▸ **WORK ITEM**
Omit all images, then repeat exactly the lines below from the one containing "Nissan NV150 AD 8" through the one containing "JEEP COMMANDER 2.0", both ends included.

▸ **DATA UNDER STUDY**
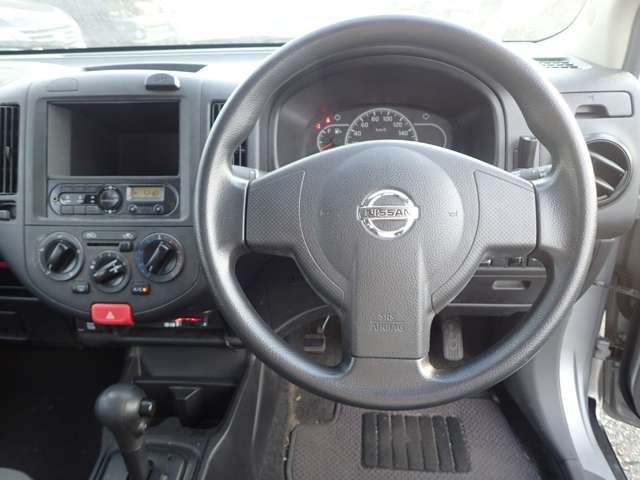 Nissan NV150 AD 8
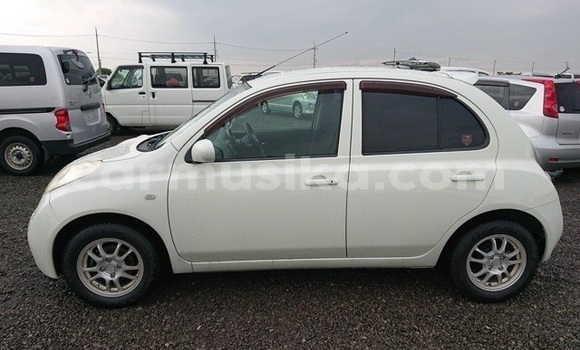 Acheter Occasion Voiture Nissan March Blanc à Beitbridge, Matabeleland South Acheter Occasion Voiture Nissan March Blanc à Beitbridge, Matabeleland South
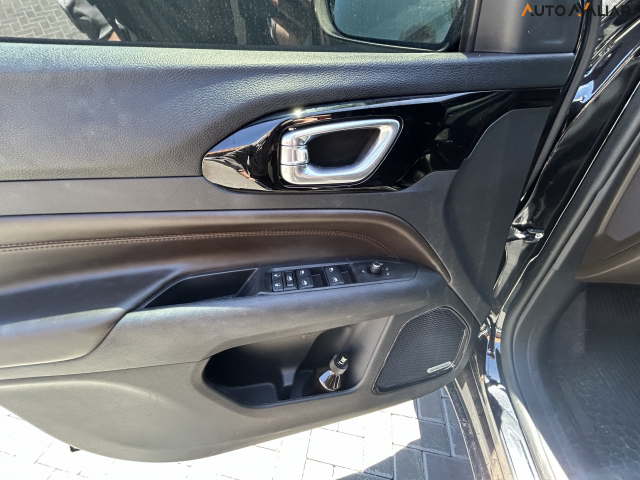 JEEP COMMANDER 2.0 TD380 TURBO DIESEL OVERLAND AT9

==

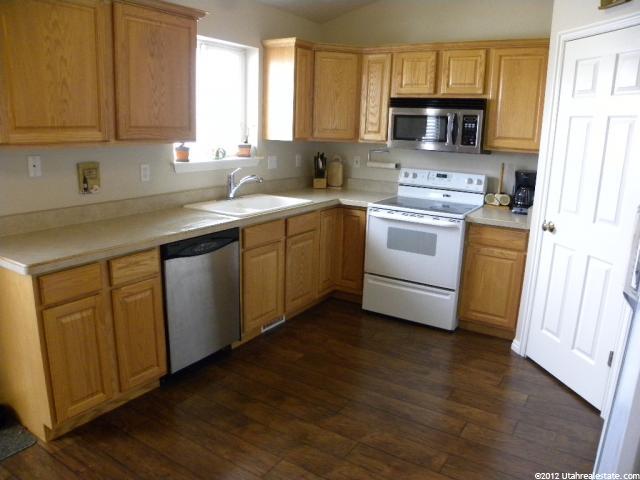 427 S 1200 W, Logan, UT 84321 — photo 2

▸ **WRITTEN REPLY**
 Nissan NV150 AD 8
 Acheter Occasion Voiture Nissan March Blanc à Beitbridge, Matabeleland South Acheter Occasion Voiture Nissan March Blanc à Beitbridge, Matabeleland South
 JEEP COMMANDER 2.0 TD380 TURBO DIESEL OVERLAND AT9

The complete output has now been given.